Tuesday, November 15, 2016
Guest post: What now? A Parent in Dismay by Kristin King
As the mother of two middle school students, I approached the election with dread. I hoped my candidate would win and the nation wouldn’t be thrown into turmoil. But even if I’d gotten my way, we’d still be in deep trouble. Mass deportations, shredded safety net, environmental devastation, and all sorts of trouble coming our way, not just for the next four years, but for the next twenty. For the next hundred.
So I’ve been a parent for thirteen years, an activist for twenty, and a writer for forty. All these aspects of my life have to come together now and help me build a better world, in the face of deep trouble. I want people to be kind to one another. I want us to share instead of hoarding, accept instead of building walls.
The lessons
That’s the what I want. But how do I get it? My twenty years of activist work has led me down quite a few dead-end alleys. Too much single-issue politics, infighting, lack of vision, accidentally working with people whose politics I oppose. Some good things too. But here are some of the lessons I’ve come to:
(1) Nothing short of everything will succeed. To me, that means class-struggle intersectional feminism.
(2) We gotta watch our language. I just said “class-struggle intersectional feminism” and most people are going to say, “What?” This blog, people know what I’m talking about. But it’s also ivory tower lingo. Whenever we use language, we should be aware of who it lets in -- and who it keeps out.
(3) We have to organize. The left keeps saying that but doesn’t know what it means. It doesn’t mean “get lots of people out for noisy protests”! That’s mobilize. Do it for sure, but it’s not organizing. Organizing means getting together in an organization.
Except--
(4) Organize democratically. Most of our organizations are run by the nonprofit industrial complex. Rich people are at the top of that. If we have any hope of organizing democratically, we have to build new structures, ourselves.
(5) We have to win.
Where I learned them (for example)
(1) I’ve been thinking about intersectionality this year, while working on a racial equity team in Seattle Public Schools. We got most of it right. When girls of color were sexually harassed by other kids, we were all clear on the links between gender and race. We looked our own privilege up and down, found our common ground, made a plan, moved forward. But there was a class division I was frankly afraid to touch. I’ve also been thinking a whole lot about gender and how the feminist movement did and did not address core issues. Women are not liberated because we can be forced to have babies (by rape and restrictions on birth control) and then forced into marriage or the workplace while we are still doing the 24x7 job of caring for these babies. Short of a universal basic wage or gift economy, I don’t see how that can be fixed.
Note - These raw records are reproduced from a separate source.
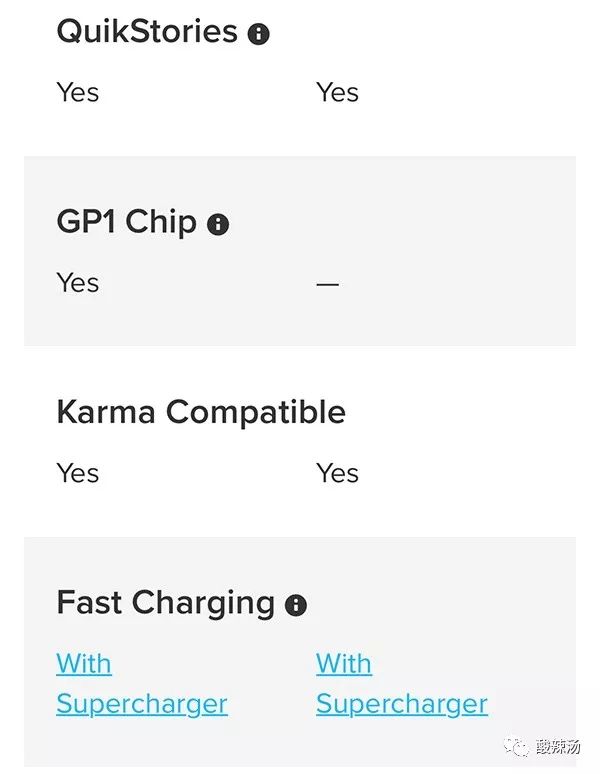 小蚁4k运动相机gopro,小蚁运动相机和gopro4对比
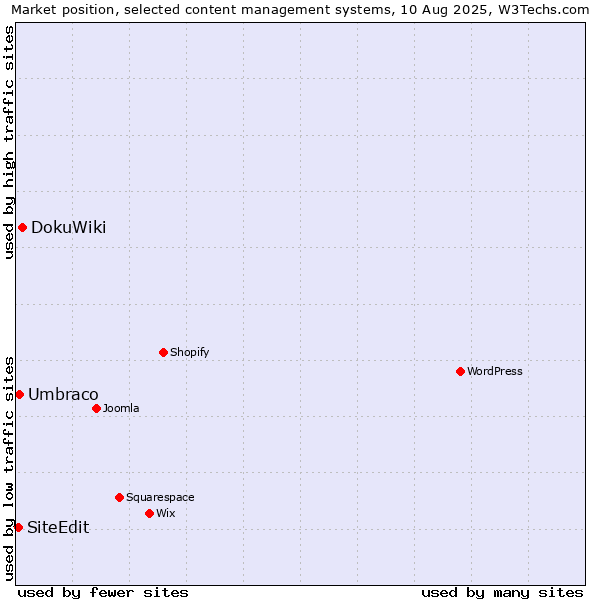 Market position of DokuWiki vs. Umbraco vs. SiteEdit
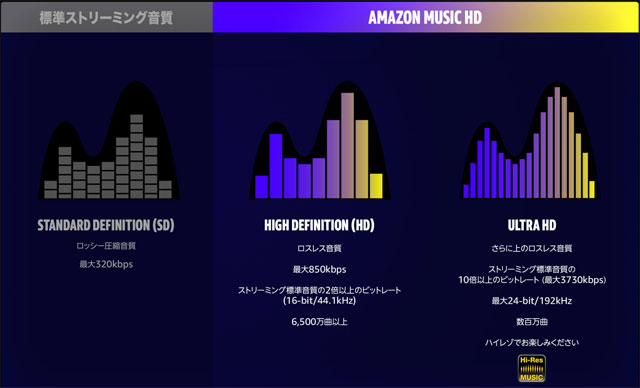 Amazon Music 音質の違い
(2) From a working-class white male, telling me the story of how he’d been flipping conservative neighbors radical by knowing where they were coming from and where the common ground was. If the left coulda done that, instead of going on about stupidity, the current president-elect would have no base.
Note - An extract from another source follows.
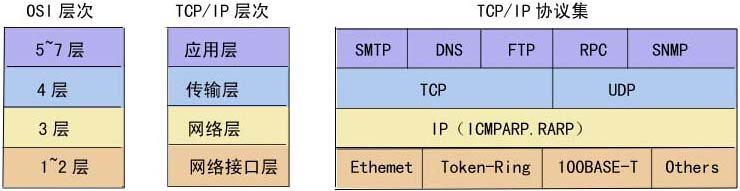 ��TCP/IP�W(w��ng)�j�f(xi��)�h������\���w�{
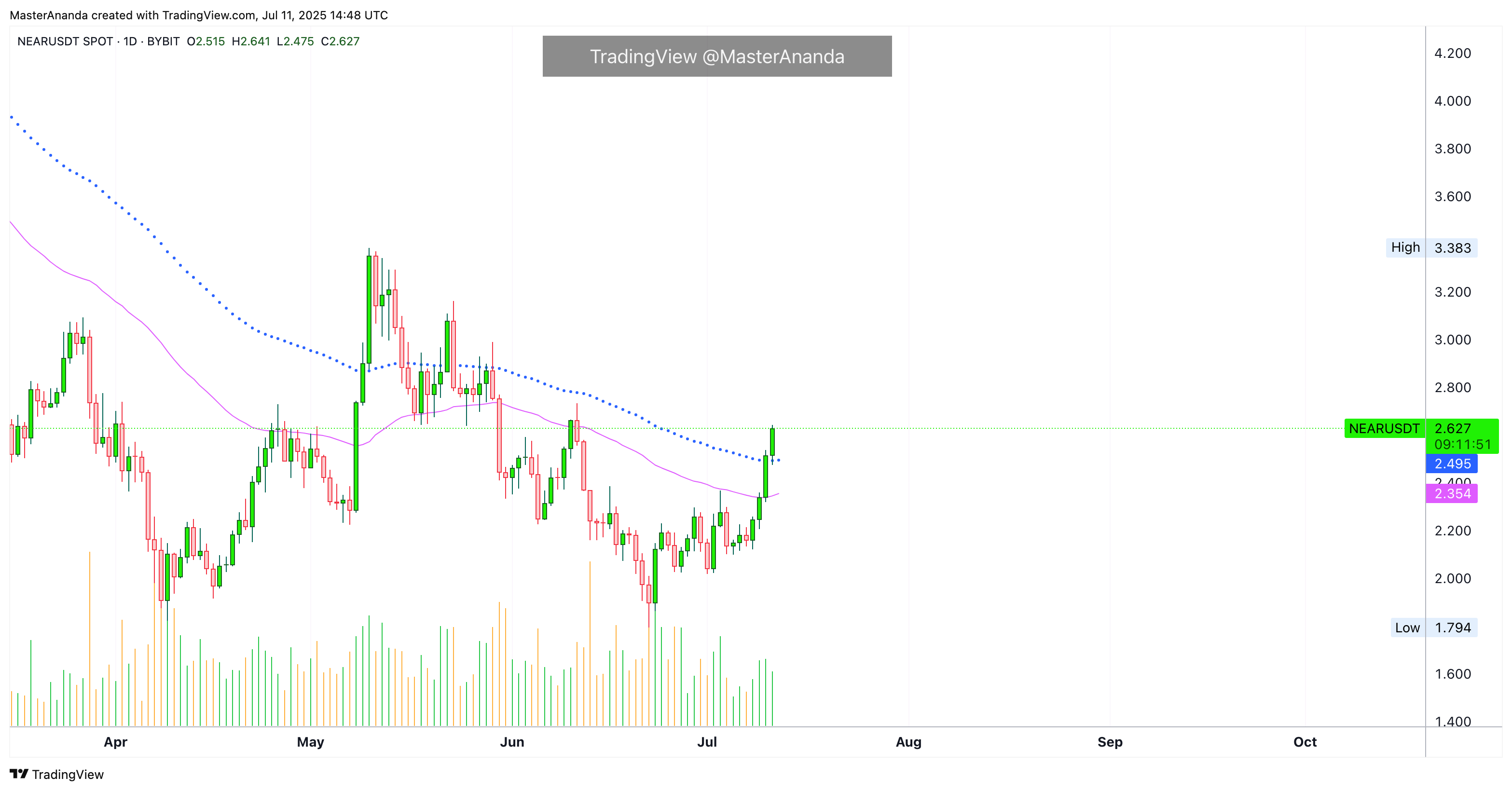 BYBIT:NEARUSDT Chart Image by MasterAnanda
(3) All the damn times I put sweat and tears into a group only to find it had no chance of growing bigger than eight people. That sucks.
(4) The Washington State PTSA. I went to a convention where a key vote was happening and learned exactly how and why the democracy was in name only. The PTSA was voting on whether or not to endorse charter schools and had put out a voting guide with a “pro” side to the argument but no “con.” When I showed up with a flier listing the cons, I learned that most people considered the whole vote a strategic game. (One day I’ll write up a blog post on that, because it astounded me.)
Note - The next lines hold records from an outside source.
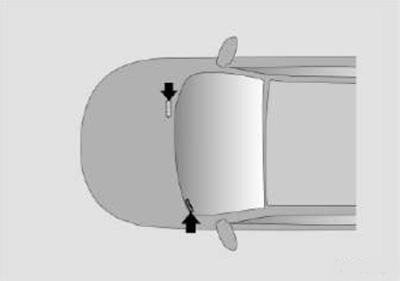 Идентификация автомобиля Changan CS55 PLUS c 2021 года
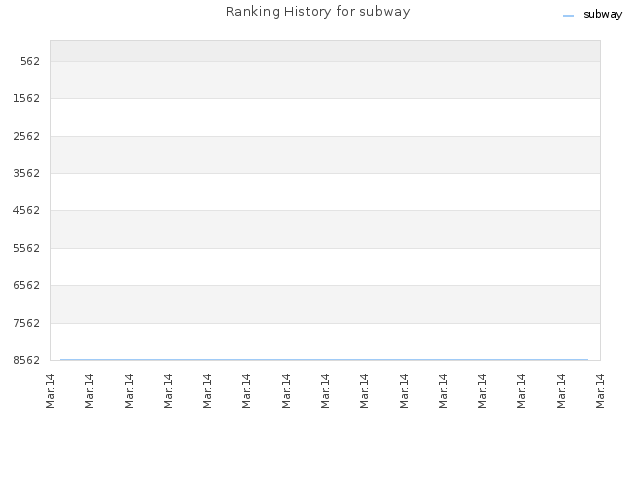 Ranking History for subway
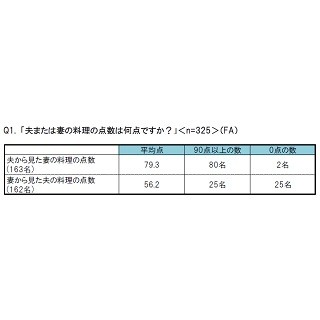 妻の料理への夫の評価は、平均79.3点!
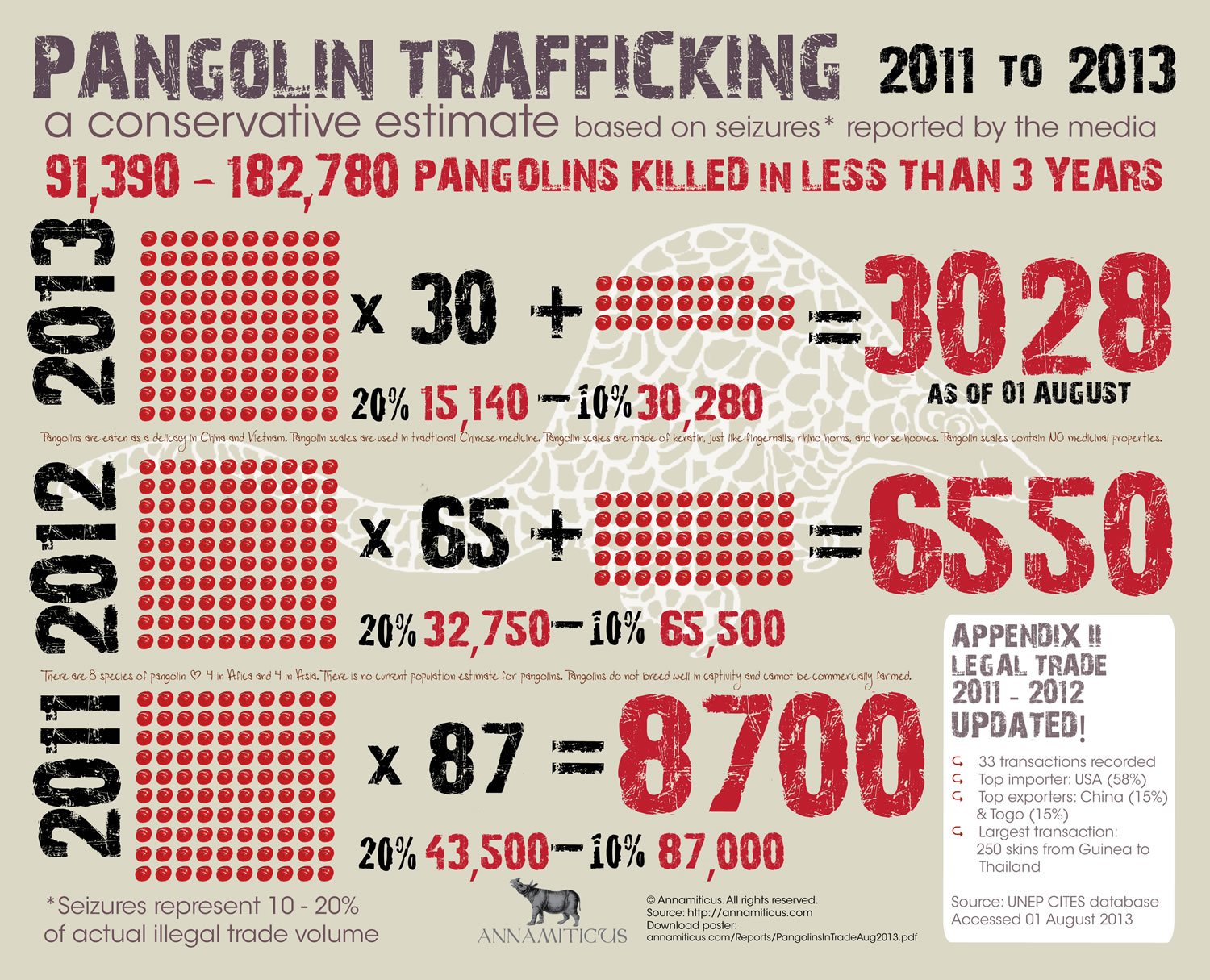 Pangolin Trafficking: 2011 to August 2013 [Infographic] :: ANNAMITICUS1500 x 1215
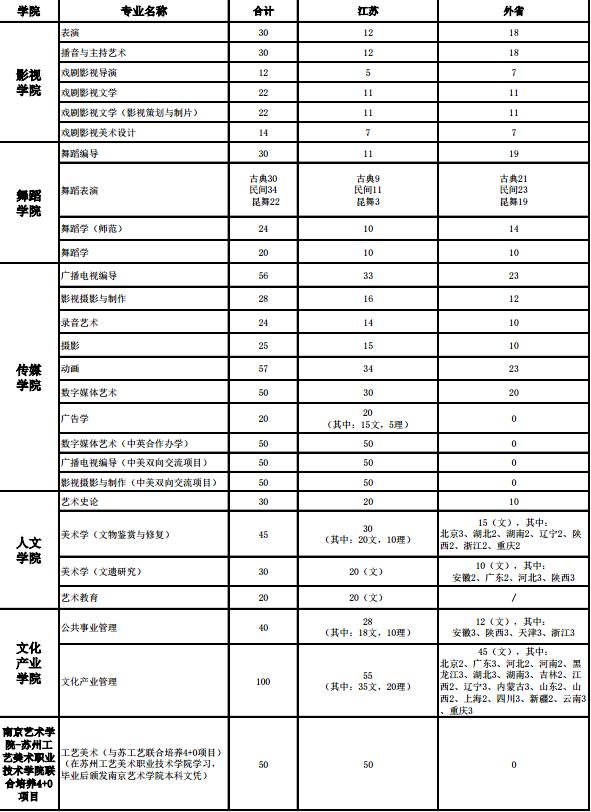 南京艺术学院2018年本科招生计划方案1.jpg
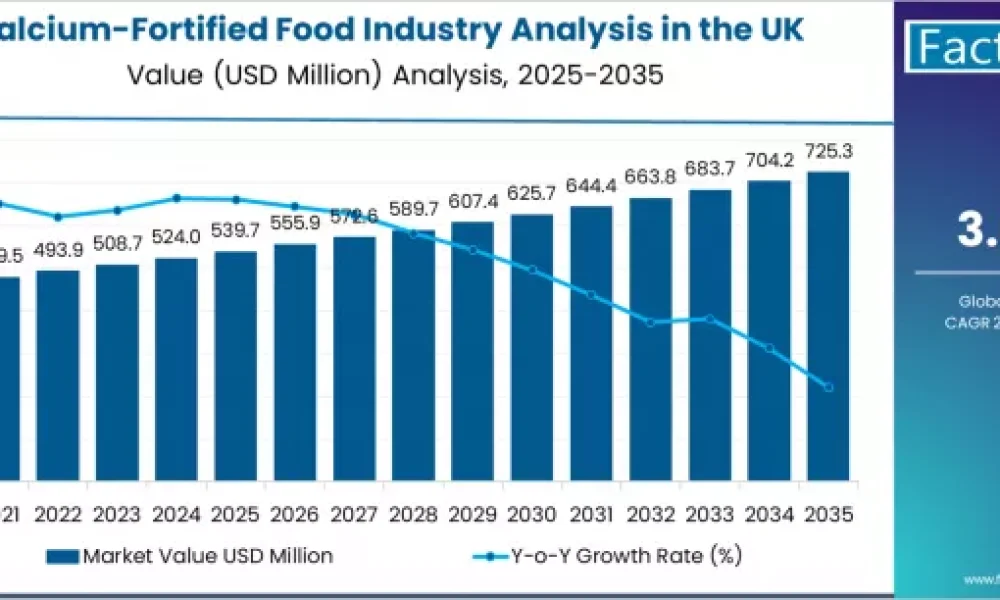 U.K. Calcium-Fortified Food Market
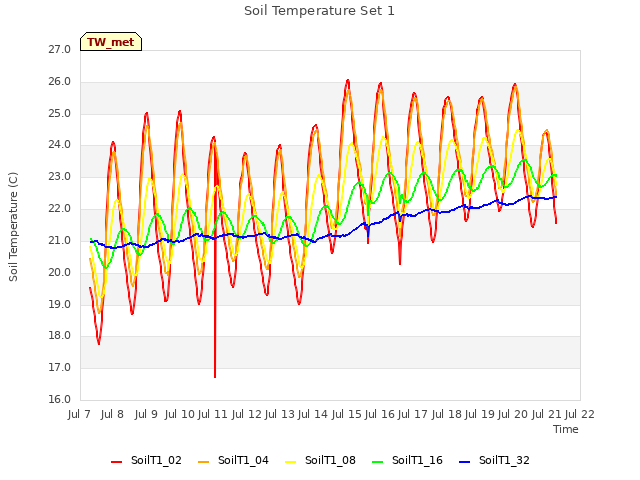 plot of Soil Temperature Set 1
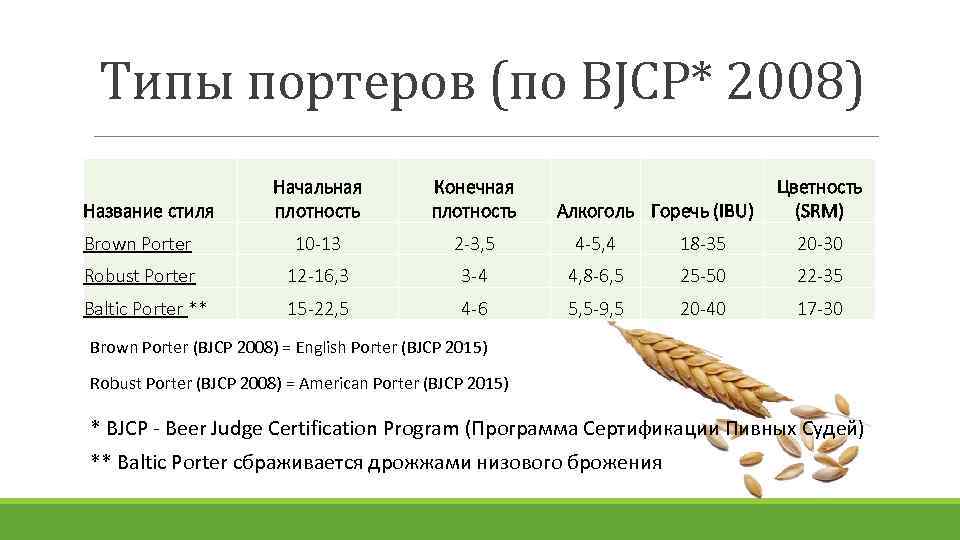 ДЕГУСТАЦИЯ ПИВА PORTER INDIA PALE Типы портеров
(5) If you know me, you’ll know I can’t go far without bringing up Doctor Who. Right now I’m thinking about the most grim and emotionally compelling episode I’ve ever watched, “Heaven Sent.” In it, our hero is trapped in a prison, in emotional torment of a highly personal nature. He keeps wanting to give up, but the memory of a dead comrade, Clara (clear, clarity) keeps saying. “How are you going to win?”
What we do now
We organize. As in, build organizations that can sustain our momentum and carry our positive visions forward for the next hundred years. That’s it. Everything feels hard right now, and it is. People will suffer. A lot. But we keep on going.
And then we win.
Kristin King (http://kristinking.wordpress.com) is a writer, parent, and activist who lives in Seattle. Her work has appeared in Strange Horizons, Calyx, The Pushcart Prize XXII (1998), and other places. Two of her stories appeared in an Aqueduct Press anthology, Missing Links and Secret Histories: A Selection of Wikipedia Entries Lost, Suppressed, or Misplaced in Time. A selection of her short fiction has been collected in Misfits from the Beehive State.